Missing girl’s father, family hold on to hope
Afghan community in San Antonio is left sad and fearful after 3-year-old’s disappearance last month from apartment complex
SAN ANTONIO — The United States was a breath of freedom for Riaz Sardar Khil and his family when they fled Afghanistan more than two years ago.
By the time the Taliban regained control of their homeland last August, the family was settled in an apartment complex in San Antonio where many fellow Afghans also lived. There, they found a tight-knit community and felt safe.
That newfound peace was shattered Dec. 20 when Khil’s 3-yearold daughter, Lina Sardar Khil, went missing from a playground a few feet from the family’s front door.
Lina’s disappearance filled her community with sadness and fear and elicited an outpouring of support from near and far. San Antonio police, the FBI, nonprofit groups and many volunteers have searched for the girl. The FBI sent an elite team of divers to look in the shallow, murky waters of a creek not far from Lina’s home. Rewards totaling $150,000 have been offered for information that leads to her discovery.

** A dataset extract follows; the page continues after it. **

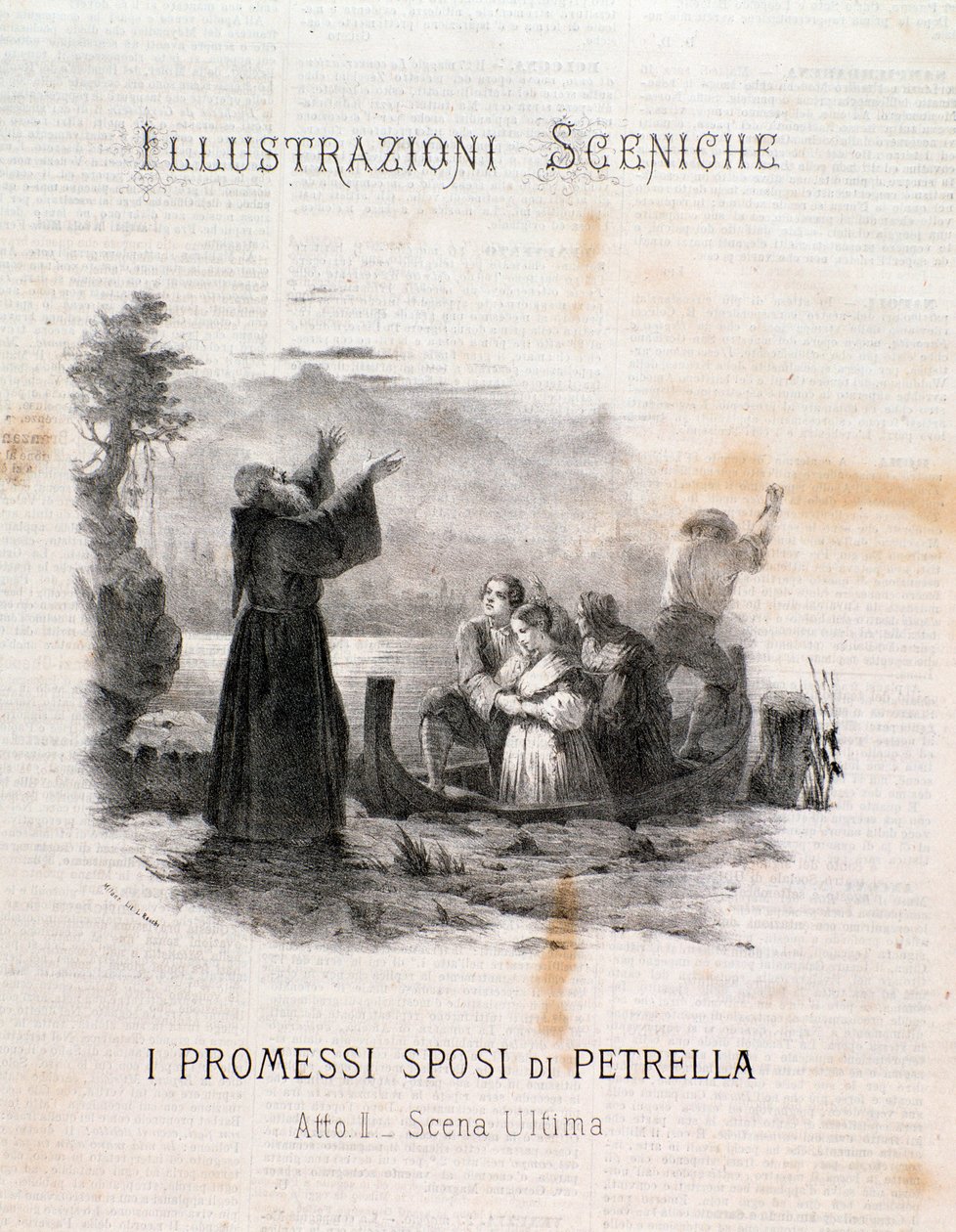 Illustrasjon av Forlovede etter Manzoni av Errico Petrella av Anonymous Anonymous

Khil, 26, and his family continue to search, holding onto hope while coping with sorrow, pain and a gnawing fear that someone took the child with malicious intent.
“How can anyone cut a piece of my heart?” Khil asked.
The girl’s disappearance is all the more wrenching given that she and her mother survived a brush with death in August. They had gone back to Afghanistan to help a relative and were outside the Kabul airport when a suicide bomber detonated an explosive belt. More than 180 people were killed. Lina was knocked unconscious by the blast.
Sitting in his San Antonio apartment recently after another round of searching with volunteers, Khil spoke through an interpreter in Pashto, his native language, about his daughter. “We came from a horrible place with the hope of a better life,” he said.
Since Lina’s disappearance, many San Antonians have reached out to support the family, including volunteering to search for her.
The Islam Center of San Antonio has raised money — $100,000 at last count — as a reward for information that leads directly to finding Lina. Crime Stoppers of San Antonio is offering $50,000 for information resulting in an arrest.
Lina’s family is keeping faith and hope that they will see her again. “We fully trust in our God that Lina will come back home,” Khil said. “That is giving us motivation.”
San Antonio police have classified Lina’s disappearance as a missing person case.
Asked what he would say to Lina, Khil smiled at the thought of seeing his daughter again.
He closed his eyes, his voice grew softer, and the interpreter relayed Khil’s thoughts.
“The only message he has is to hold Lina in his arms, to get her near to his heart.”